It depends on the schema of the target array and a few other factors. Optimizing redimension can be a bit tricky before you get a feel for it.
What redimension does is sort data in parallel, then split it up into chunks - according to the target array schema. Those chunks are then passed to insert. If the data is too big to fit in memory, redimension also tries to spill pieces to disk while sorting.
So the run time will depend on the chunking of the target array (square or skinny), how the redimensioned data lands in the target chunks (1 chunk, 3 chunks or a bunch of small fragments all over), and how big of a job it is - if it’s too small, you may not use all the nodes, if it’s too big, it will run out of memory, start spilling to disk and go slower. Then the data is fed into insert and insert can slow down if your new data overlaps the chunks youve loaded before. This all depends on the chunk sizes too.
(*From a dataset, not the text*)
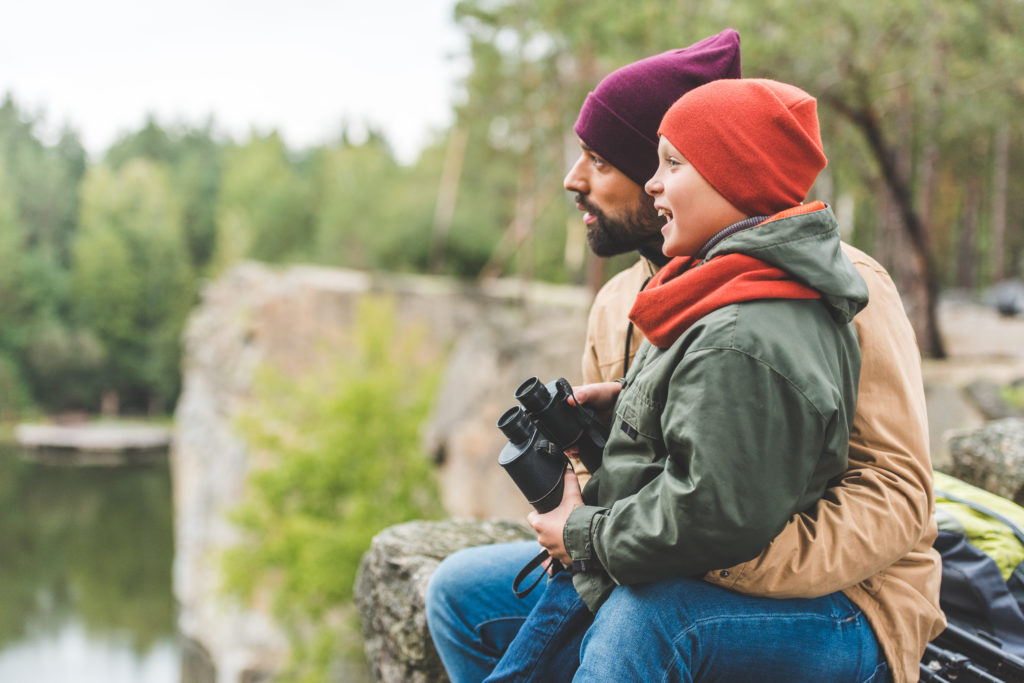 Nakatingin sa kaliwa ang larawan ng lalaking may hawak na bata na may hawak na binocular.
The config that affects redimenion most is actually
mem-array-threshold - I wouldn’t touch those
memalloc configs you pointed out.
On 16.9 (this changed in 18.1) you should initially set
mem-array-threshold such that
(mem-array-threshold + smgr-cache-size) * num_instances <= TOTAL_RAM*0.5 - in megabytes. Basically that tells SciDB to use half your total cluster RAM for caches and temp arrays. The other half would go to mid-query scratch space and sort buffers (depending on your concurrency levels). Then you can reduce
smgr-cache-size to as little as 8 and increase
mem-array-threshold if needed. Then, if no one else is doing anything on the machine, try increasing that 0.5 number.
The best strategy for load is to ingest, say, 120 chunks at a time (10 per instance, maybe) and load it in such a way that new loads never touch chunks you’ve already loaded - if possible.
There are more notes here SciDB's MAC(tm) Storage Explained
If you show me your array schema and your config.ini I can help more.